→ **WORK ITEM**
Nothing but an exact copy is asked for: the lines in the material below from the one with "548 - Edwardian" through the one with "Property photo of", pictures excluded.

→ **SUPPLIED INFORMATION**
|---|

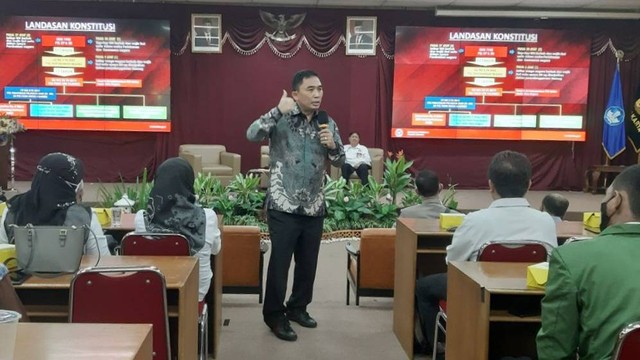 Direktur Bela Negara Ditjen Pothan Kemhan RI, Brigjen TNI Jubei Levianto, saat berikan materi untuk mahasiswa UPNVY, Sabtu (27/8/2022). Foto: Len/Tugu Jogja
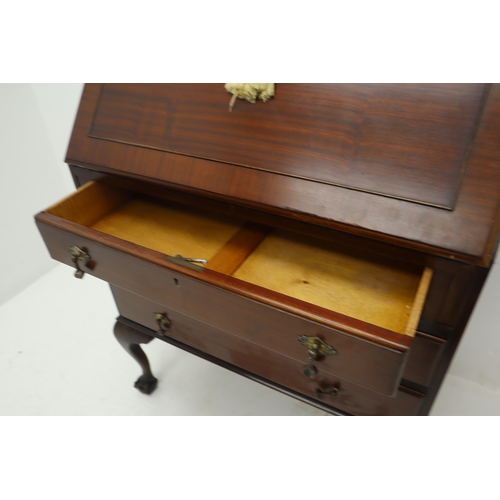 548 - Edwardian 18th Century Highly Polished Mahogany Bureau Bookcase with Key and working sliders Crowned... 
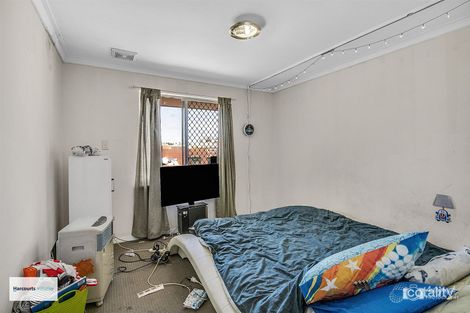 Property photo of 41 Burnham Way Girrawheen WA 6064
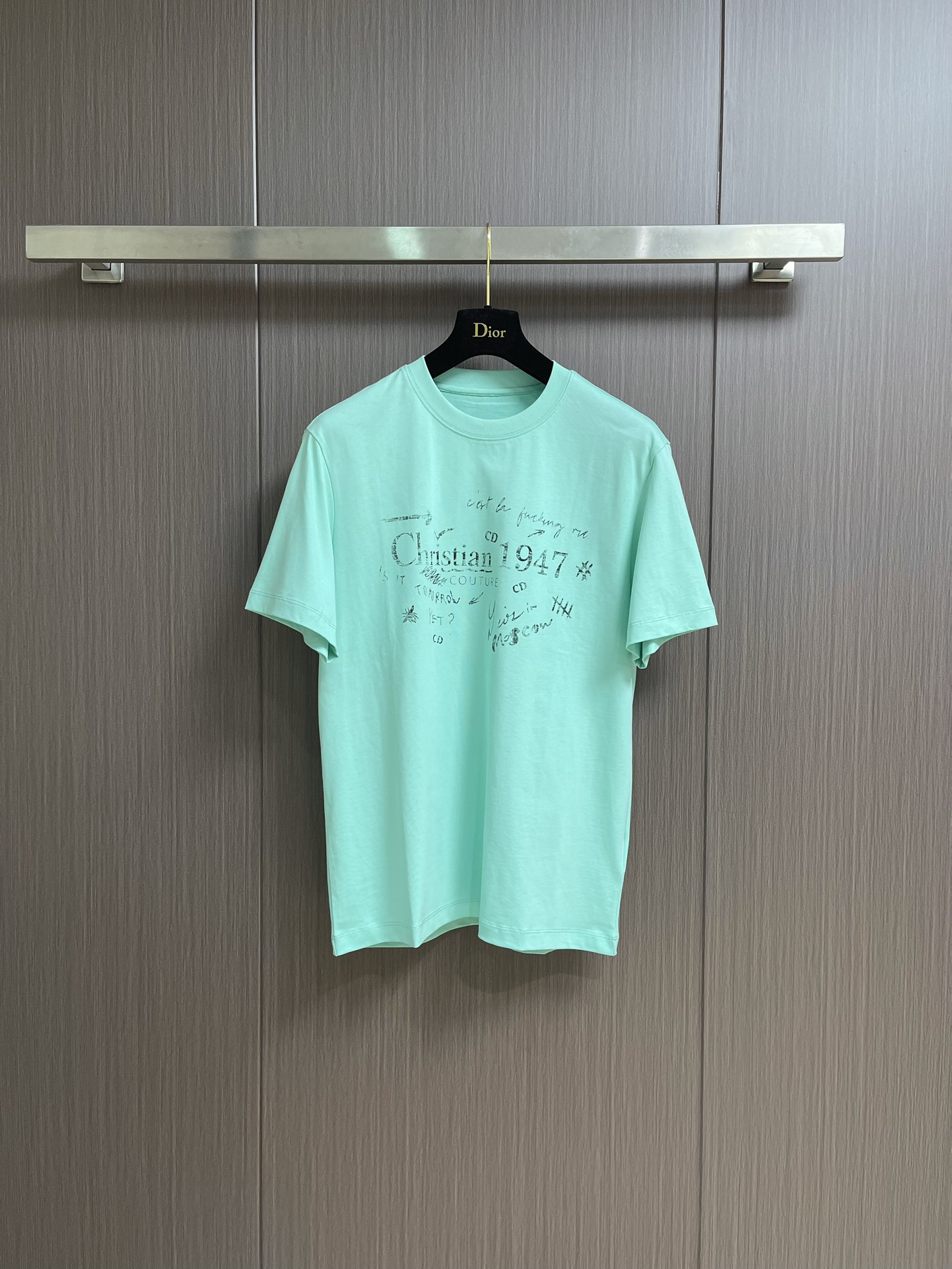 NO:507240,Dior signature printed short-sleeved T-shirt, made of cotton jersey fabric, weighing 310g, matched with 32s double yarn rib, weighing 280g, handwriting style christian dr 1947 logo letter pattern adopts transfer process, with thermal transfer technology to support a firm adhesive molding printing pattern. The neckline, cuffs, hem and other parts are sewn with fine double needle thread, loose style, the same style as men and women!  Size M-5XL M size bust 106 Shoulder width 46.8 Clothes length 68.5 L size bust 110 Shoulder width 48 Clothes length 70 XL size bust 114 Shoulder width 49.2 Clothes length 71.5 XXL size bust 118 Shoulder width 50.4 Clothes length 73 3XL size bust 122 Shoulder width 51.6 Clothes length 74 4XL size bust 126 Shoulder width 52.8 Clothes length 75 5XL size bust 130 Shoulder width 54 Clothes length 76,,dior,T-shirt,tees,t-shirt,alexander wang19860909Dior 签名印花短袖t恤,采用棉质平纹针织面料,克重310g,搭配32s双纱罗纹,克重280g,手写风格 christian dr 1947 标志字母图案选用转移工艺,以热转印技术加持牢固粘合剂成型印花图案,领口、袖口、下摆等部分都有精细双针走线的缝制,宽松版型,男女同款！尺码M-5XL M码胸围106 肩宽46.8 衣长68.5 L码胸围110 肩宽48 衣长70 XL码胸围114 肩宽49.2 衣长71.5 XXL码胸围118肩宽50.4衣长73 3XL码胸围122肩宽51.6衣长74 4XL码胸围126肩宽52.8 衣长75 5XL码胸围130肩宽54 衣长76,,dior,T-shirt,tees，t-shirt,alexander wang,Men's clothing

|---|

→ **RESULT OF THE EXERCISE**
 548 - Edwardian 18th Century Highly Polished Mahogany Bureau Bookcase with Key and working sliders Crowned... 
 Property photo of 41 Burnham Way Girrawheen WA 6064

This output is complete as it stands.